Por eso la única cosa que traspasa el alma del andaluz auténtico son las saetas, el «cante» pagano en la policromía rotunda de una noche de procesiones, el rezo apropiado para la noche azul y perfumada, rezo en que alienta el dolor adonisíaco por la muerte triunfal de la naturaleza.
Por lo dicho, opino que no es la religiosidad cristiana lo característico de lo andaluz. Y si tampoco ha cuajado en un Estado, ¿dónde encontrar entonces la tabla de valores que constituyen el legado de este pueblo viejísimo al acervo de la humanidad?

Mi respuesta es inmediata y concluyente: en el individuo. Andalucía no es cristiana ni política. Pero ha generado un tipo de hombre sabio a su manera, escéptico desde la cuna, vivaracho y holgazán, listo y despreocupado, admirable unas veces y otras repugnante, en donde anida un estilo vital de imponderable lozanía.
 
Individualmente considerado, ese hombre andaluz es por esencia enemigo de lo colectivo. No atiende egoísticamente más que a la felicidad personal, dándosele un ardite de todo lo demás. Tan individual en su estilo, que no contento con las catalogaciones nominales que son los nombres y los apellidos, impuso la necesidad de agregarles un otro apelativo calificador : el mote, adminículo indispensable en la nomenclatura popular de Andalucía.

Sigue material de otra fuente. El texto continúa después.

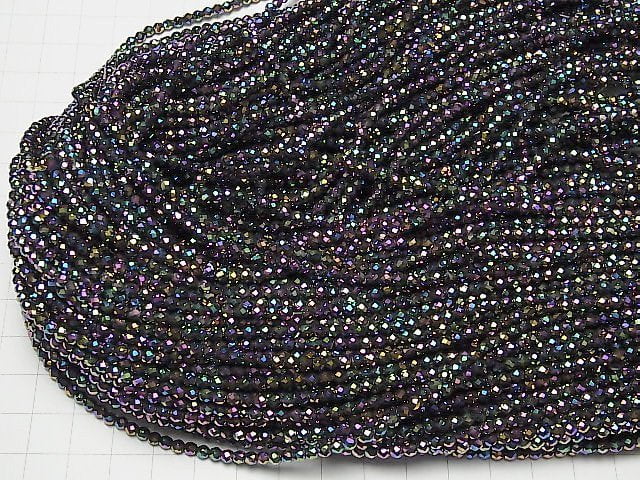 Hochwertig! Hämatit Facettierte Runde 3mm Metallische Beschichtung 1 Strang Perlen (ca. 15 Zoll / 37 cm)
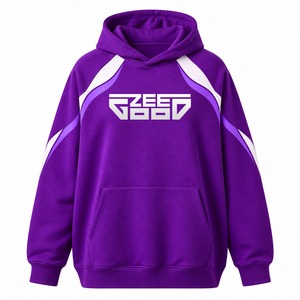 Sudadera con Capucha Casual para Hombre, Talla Grande, Felpa de Alta Calidad, Diseño con Estampado Frontal Morado, Bolsillos, Ropa de Invierno, Manga Larga Raglán - Product Image 1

Su producto más sazonado es ‘la gracia’, ‘er ange’. La gracia, que ellos consideran patrimonio de la tierra. El forastero es un mar’ange, un no bien nacido; esto es, hombre a quien le falta la gracia por no ser andaluz. Una vez más en la fijación de quienes tengan o no gracia o ange influye la coordenada específica de la mentalidad andaluza, a tenor de la cual es la tierra, y no la raza, el dato base de la calificación.
 
Esa gracia, locuaz y profunda, rica en seriedades bajo la aparente cobertura de frases huecas, intencionadas, sin dejar de ser inocente en la característica guasita, es la condensación en una estructura sociológica formal de convivencia de miles y miles de años de continua depuración espiritual ; es la filosofía senequista de la vida, despectiva de lo importante por deméritos de su contingencia; es el orgullo augusto de sentirse superior por la sola causa de ser andaluz, pero no con una superioridad política despreciada a fuer de transitoria, sino con una superioridad humana, viva, de hombre viejo y curtido a mozuelo imberbe escaso de experiencias. Es el vino viejo de solera andaluza envasado en la botella del siglo xx. Merced a la gracia, el tipo andaluz adquiere proporciones de magno legado histórico. Cuanto de importante hay en él es ese subrayar lo humano, rendido a lo natural a costa de lo político; hecho a exquisiteces individuales por mor de despreciar las grandezas de magnitud colectiva.
No le pidáis al andaluz imperialismos, dimensiones colosales, aparato de cosas por el que se afanan los demás hombres de la Península. A él ya le pasó la enfermedad del afán de lo glorioso. Os responderá con una sonrisa burlona, en donde encerrará, un poco misteriosamente, su olímpico desdén por esas cosas suprahumanas, y seguirá su camino a paso lento, dejándose tostar por el sol y aspirando a pulmón lleno los efluvios gozosos de su tierra prodigiosa.
Si le observáis con atención, puede que veáis cómo en ese disfrute de la lujuria de las cosas naturales pliega sus labios con un gesto de diáfano desdén. Entonces es que agradece a su dios-toro haberle hecho nacer en tierras andaluzas.